__THE RECORDS__
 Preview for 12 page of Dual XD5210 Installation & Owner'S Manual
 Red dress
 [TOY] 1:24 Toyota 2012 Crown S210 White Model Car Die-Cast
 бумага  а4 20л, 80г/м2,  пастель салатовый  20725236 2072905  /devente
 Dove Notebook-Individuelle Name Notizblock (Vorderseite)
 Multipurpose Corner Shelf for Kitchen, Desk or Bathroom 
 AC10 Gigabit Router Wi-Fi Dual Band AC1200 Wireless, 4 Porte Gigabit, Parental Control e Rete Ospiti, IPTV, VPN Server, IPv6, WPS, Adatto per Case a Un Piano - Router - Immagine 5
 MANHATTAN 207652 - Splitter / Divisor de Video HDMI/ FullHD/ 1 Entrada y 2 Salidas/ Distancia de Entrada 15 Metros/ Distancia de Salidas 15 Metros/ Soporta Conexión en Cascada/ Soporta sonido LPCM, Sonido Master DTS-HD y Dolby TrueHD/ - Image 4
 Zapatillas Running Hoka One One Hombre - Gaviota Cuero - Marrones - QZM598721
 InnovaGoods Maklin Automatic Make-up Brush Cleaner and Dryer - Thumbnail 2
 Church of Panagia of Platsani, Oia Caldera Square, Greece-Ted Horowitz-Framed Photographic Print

__WHAT TO PRODUCE__
Output all of the data again, exactly.

__RESPONSE AREA__
 Preview for 12 page of Dual XD5210 Installation & Owner'S Manual
 Red dress
 [TOY] 1:24 Toyota 2012 Crown S210 White Model Car Die-Cast
 бумага  а4 20л, 80г/м2,  пастель салатовый  20725236 2072905  /devente
 Dove Notebook-Individuelle Name Notizblock (Vorderseite)
 Multipurpose Corner Shelf for Kitchen, Desk or Bathroom 
 AC10 Gigabit Router Wi-Fi Dual Band AC1200 Wireless, 4 Porte Gigabit, Parental Control e Rete Ospiti, IPTV, VPN Server, IPv6, WPS, Adatto per Case a Un Piano - Router - Immagine 5
 MANHATTAN 207652 - Splitter / Divisor de Video HDMI/ FullHD/ 1 Entrada y 2 Salidas/ Distancia de Entrada 15 Metros/ Distancia de Salidas 15 Metros/ Soporta Conexión en Cascada/ Soporta sonido LPCM, Sonido Master DTS-HD y Dolby TrueHD/ - Image 4
 Zapatillas Running Hoka One One Hombre - Gaviota Cuero - Marrones - QZM598721
 InnovaGoods Maklin Automatic Make-up Brush Cleaner and Dryer - Thumbnail 2
 Church of Panagia of Platsani, Oia Caldera Square, Greece-Ted Horowitz-Framed Photographic Print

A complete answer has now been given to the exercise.